Jesse Owens was one of the greatest and most famous athletes in history. He won four gold medals in 1936 Olympic Games in Berlin. I’d like to show how explore the results of the 100 meters race where Owens won one of his medals. We’re going to use the library rvest for web scraping and then ggplot to see the data. We’re going to need library pylr too for join dataframes of a list.

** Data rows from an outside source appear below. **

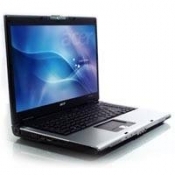 Acer Aspire1403LC
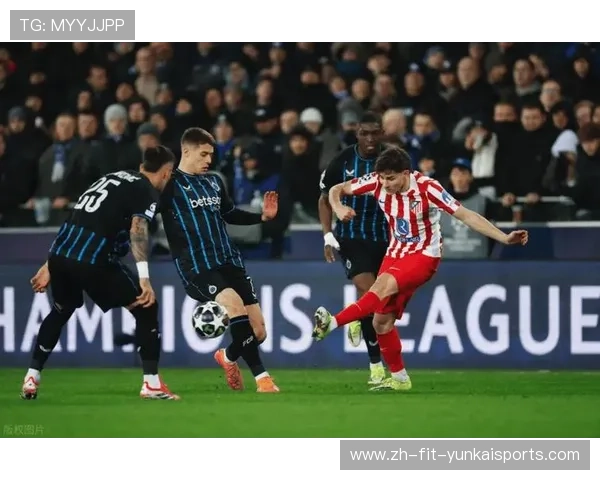 0506赛季欧冠联赛(0506赛季欧冠分组)sports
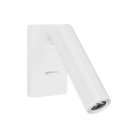 Спот Arlight 052940 READER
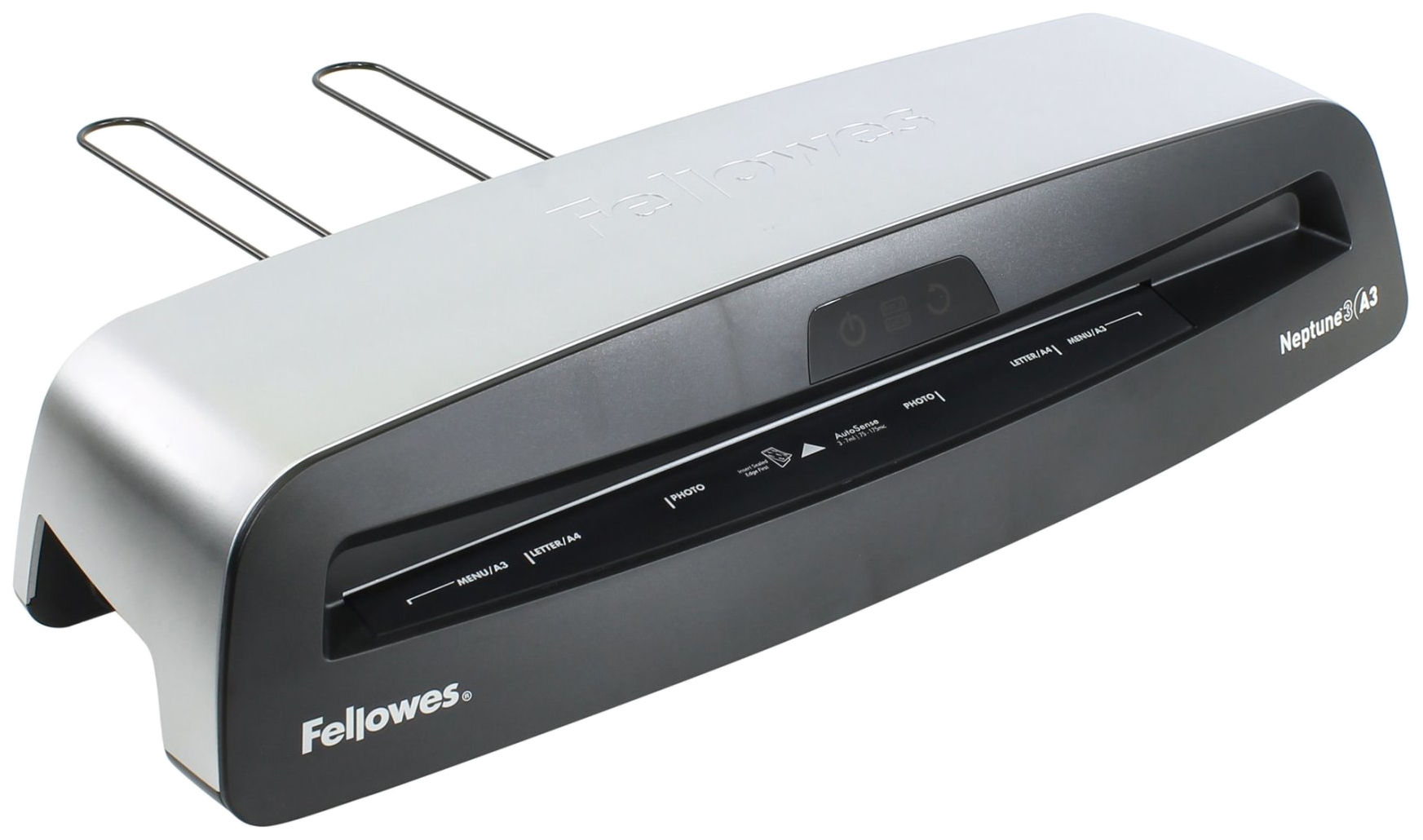 фото Ламинатор fellowes neptune 3 a3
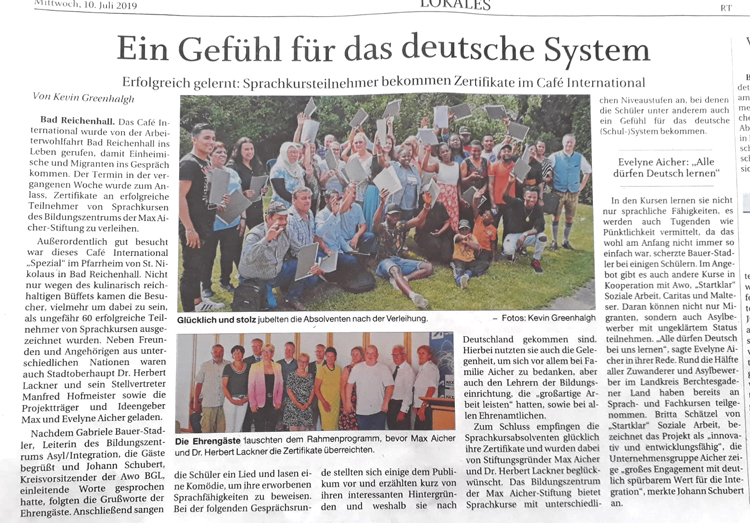 2019-07-10_PNP_Ein_Gefuhl_fur_das_deutsche_System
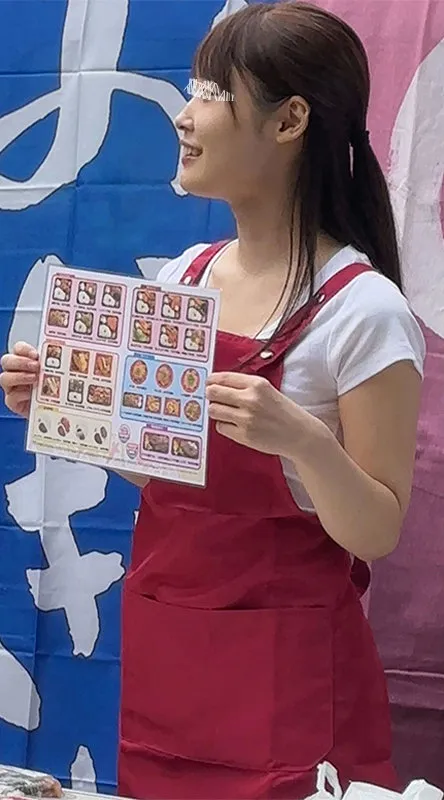 spay587｜Tさん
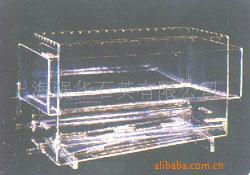 供应清洗缸\石英缸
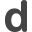 Promotedstories Icon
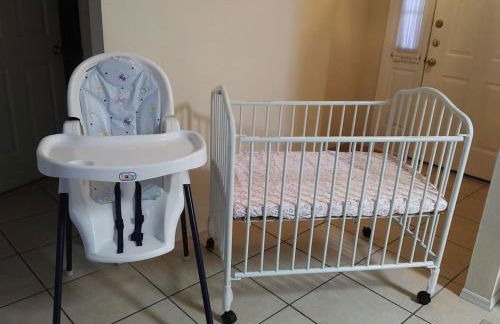 Esprit Oasis - Three Bedroom Home - Foto 3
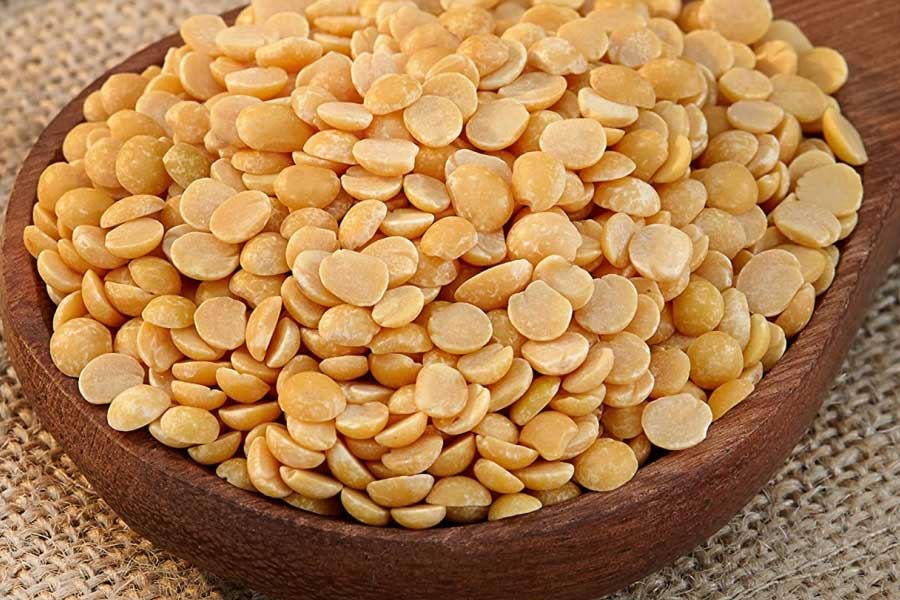 চলতি বছরে কানাডা থেকে যতটা ডাল ভারতে আসার কথা ছিল, তার বেশির ভাগটাই এসে গিয়েছে। তাই এই মুহূর্তে ভারত সরকার কানাডা-বিরোধী কোনও পদক্ষেপ করলে তার প্রভাব ভারতের বাজারে পড়বে না বলেই মনে হয়।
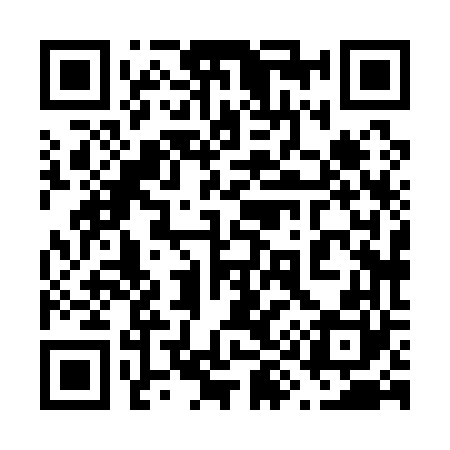 QR code for 698160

phases <- c("round-one","quarter-finals","semi-finals","final")

df <- data.frame()
for(phase in phases){
olympic <- read_html(paste0("http://www.sports-reference.com/olympics/summer/1936/ATH/mens-100-metres-",phase,".html"))
nodes <- html_nodes(olympic,"#page_content .table_container table")
tables <- html_table(nodes)
df_ <- ldply(tables,function(x) subset(x,select=1:6))
names(df_)[6] <- "time"
df_ <- na.omit(df_)
df_ <- df_[df_$time!="",]
df_$time <- gsub(",",".",df_$time)
df_$phase <- phase
df <- rbind(df_, df)

df$time <- gsub("w","",df$time)
df$phase <- factor(df$phase, levels=phases)

Finally, we plot results of the best six athletes of the last phase.

finalists <- df$Athlete[df$phase=="final"]
dfFinal <- df[df$Athlete %in% finalists,]

ggplot(data=dfFinal, aes(y=Athlete, x=time, col=Athlete, group=Athlete, label=Athlete)) +
geom_label(aes(fill = Athlete), colour = "white", fontface = "bold") +
theme(plot.title = element_text(face="bold", size=14),
axis.ticks.y=element_blank()) +
ggtitle("Berlin 1936")


Although Metcalfe had his worst mark in the round one, he improved signally until a silver medal in the final. Osendarp was very constant in his performance as Wykoff. Nevertheless the most changeful athlete was Strandberg with an oscillation of 4 tenths in the different phases.  As you can see Jesse Owens not only was the best in final race but in all the championship.